Nur noch ein Checkpoint und dann heißt es: Willkommen in der autonomen Region Kurdistan. Wild ist es hier anfangs immer noch. 

Es ist nicht einfach im Irak Diesel zu kaufen. Der Grund ist, dass die (überwiegend) geschäftlichen LKW vor dem Tanken gescannt werden und die Rechnung dann direkt an die Firma geschickt wird. Natürlich gibt es Wege, an Diesel zu kommen, einfach fragen. Manchmal klappt es dann. 1 Liter kostet ca 500-700 Dinar (ca. 0,33 bis 0,45€). Allerdings ist die Qualität wirklich sehr schlecht.

Tipp: vorher in Jordanien rechtzeitig (in Ruwaished, besser noch vorher) volltanken. 

Am dritten Tag erreichen wir schließlich Mossul, dann Kurdistan und die Grenze zur Türkei. Eine vollkommen andere Welt sehen wir in diesem Teil des Landes. Moderne Städte, Straßen, nagelneue Firmengebäude, überall (zivile) Menschen. Alles ganz normal hier. Eine letzte Nacht verbringen wir wieder direkt vor der Grenze zur Türkei in der Nähe von Saxo.

Unser Fazit: Würden wir diesen Weg nochmal machen? Ziemlich sicher NEIN. Der Irak ist immer noch ein von Kriegen und Unruhen gezeichnetes Land. Immer wieder kamen wir an zerschossenen Gebäuden, kaputten Brücken und ausgebrannten Autos vorbei. Überall sind Checkpoints und in Sichtweite zueinander Militärposten. Wir haben das ehrlich unterschätzt. Der Irak ist kein Reiseland. Sightseeing fanden wir hier irgendwie nicht angebracht. Das ist unsere ganz persönliche Erfahrung. Andere empfinden es vielleicht anders.
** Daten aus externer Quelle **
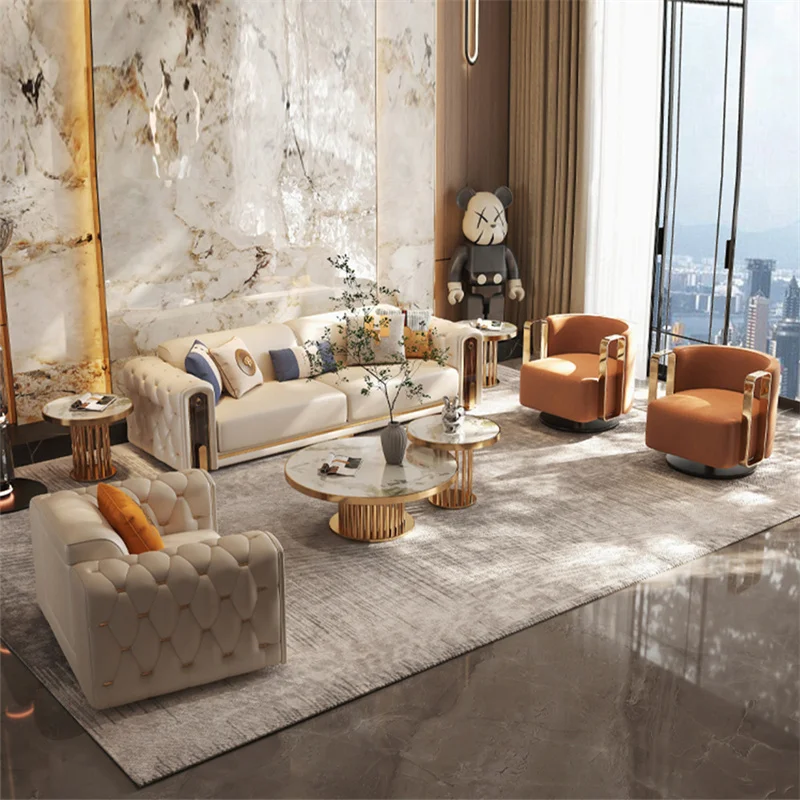 Luxury high quality gold legs chesterfield leather sectional sofa set upholstered for villa apartment mall living room furniture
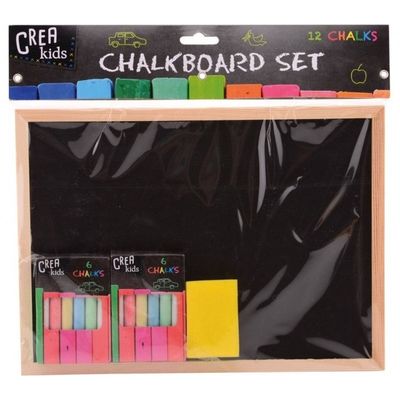Speelgoed krijtbord set 29 cm met krijt en bordenwisser - Tekenborden Speelgoed krijtbord set 29 cm met krijt en bordenwisser - Tekenborden
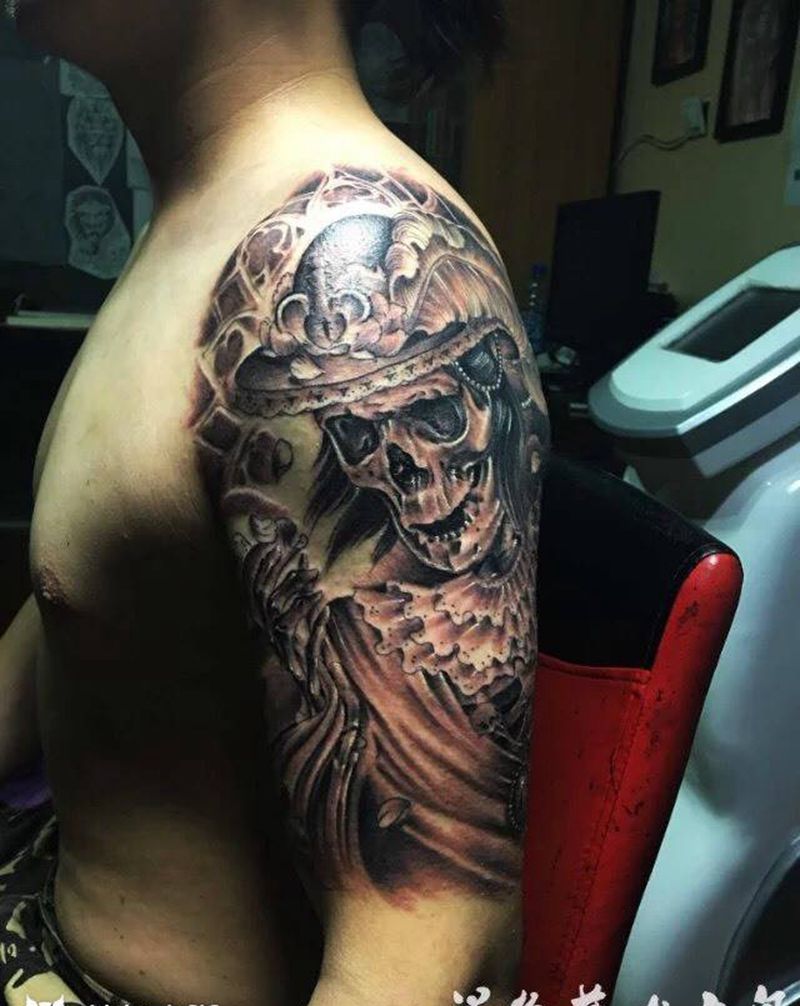 欧美黑灰骷髅纹身图片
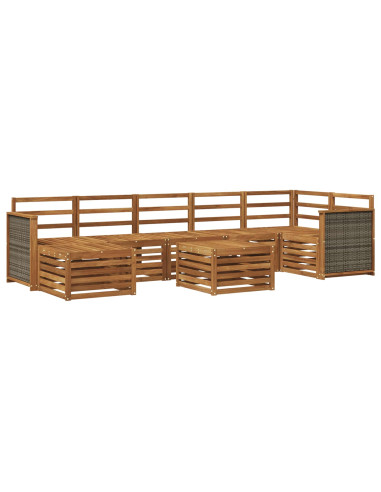 Set di divani da esterno 7 pcs Naturale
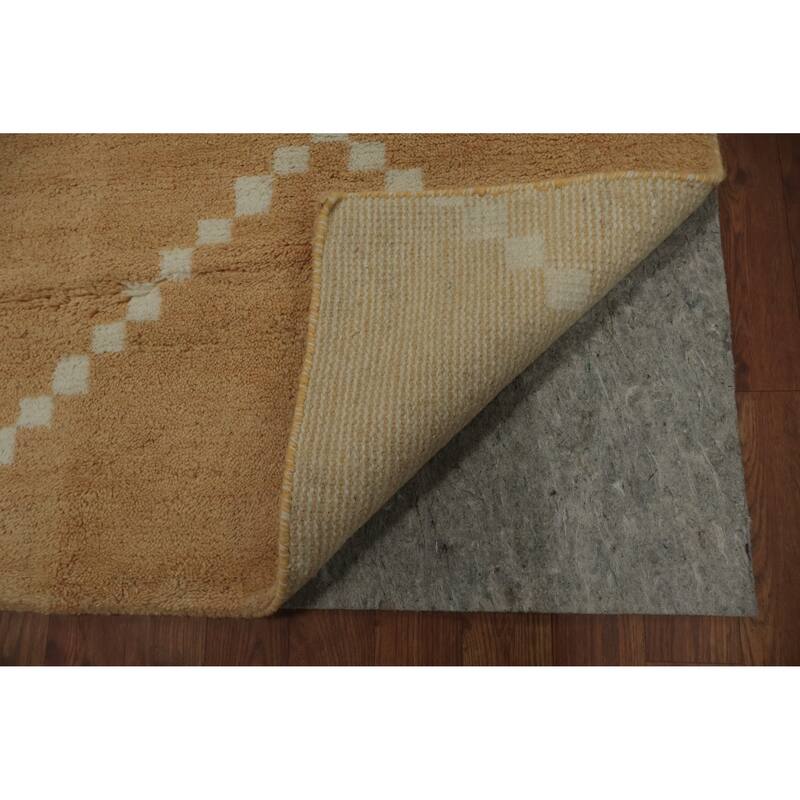 Hand Knotted Oriental 100% Wool Carpet Modern Geometric Yellow & Gold Moroccan Area Rug - 12' 1'' X 9' 1''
Wir haben von anderen Reisenden gehört, die unmittelbar nach uns durch den Irak gefahren sind, und die mitten in der Nacht überfallartig von schwer bewaffneten Leuten, die erst später als Militärs erkennbar weren, aus ihren Autos geworfen, festgehalten und stundenlang verhört wurden. Und natürlich gibt es viele Reisende, die sich im Irak z.B. Babylon und andere viele tolle Sachen angeschaut haben, in Bagdad in schicken Cafes ganz normal gesessen haben und von der tollen arabischen Gastfreundschaft der irakischen Menschen berichten.

Für uns hat das alles so gepasst, wie wir es gemacht haben. Wir haben es geschafft, sind gut durchgekommen und froh, morgen in die Türkei einzureisen.